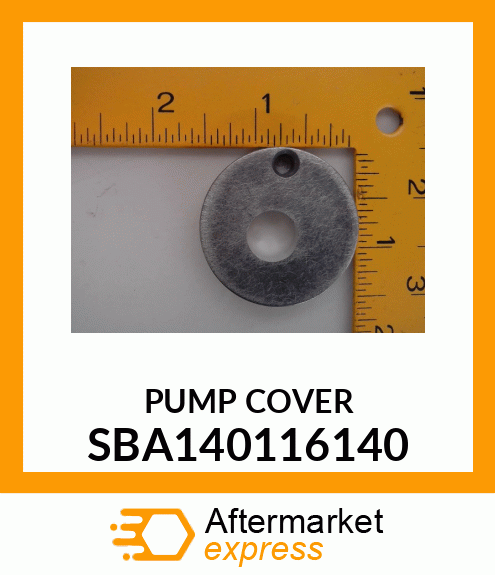 PUMP_COVER SBA140116140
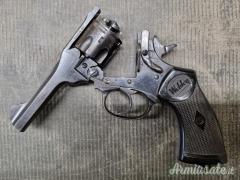 Webley and Scott Mark IV .38 S&W | Colt New Police | Super Police
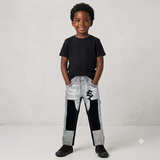 ELITE KIDS STRAIGHT JEANS MULTI COLORS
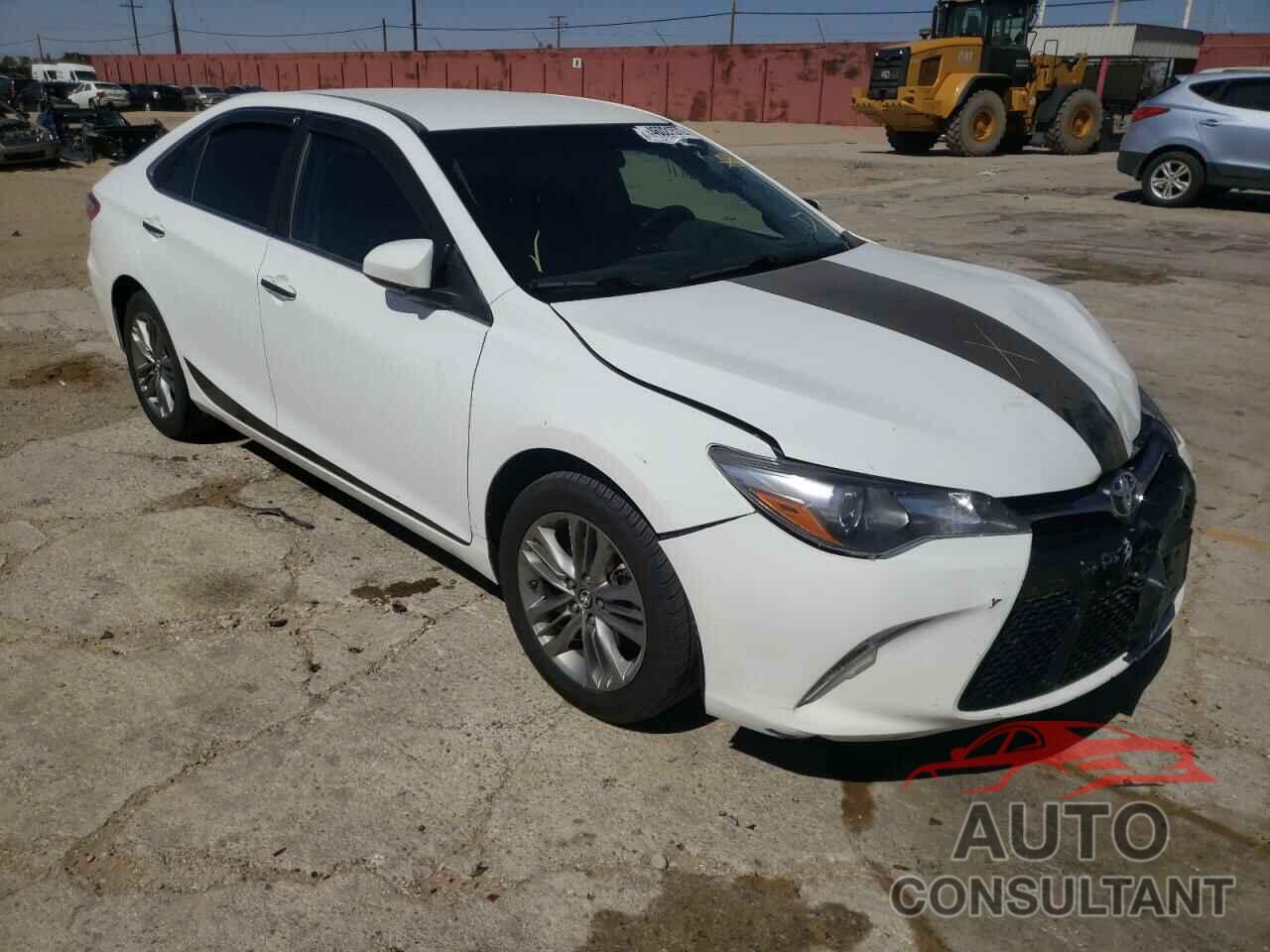 TOYOTA CAMRY 2017 - 4T1BF1FK5HU775903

=-=-=-=-=

Exercise goal:
The answer must consist solely of the lines from the one with "ELITE KIDS STRAIGHT JEANS MULTI COLORS" through the final line of the data, each reproduced exactly and with pictures omitted.

Result for this exercise:
 ELITE KIDS STRAIGHT JEANS MULTI COLORS
 TOYOTA CAMRY 2017 - 4T1BF1FK5HU775903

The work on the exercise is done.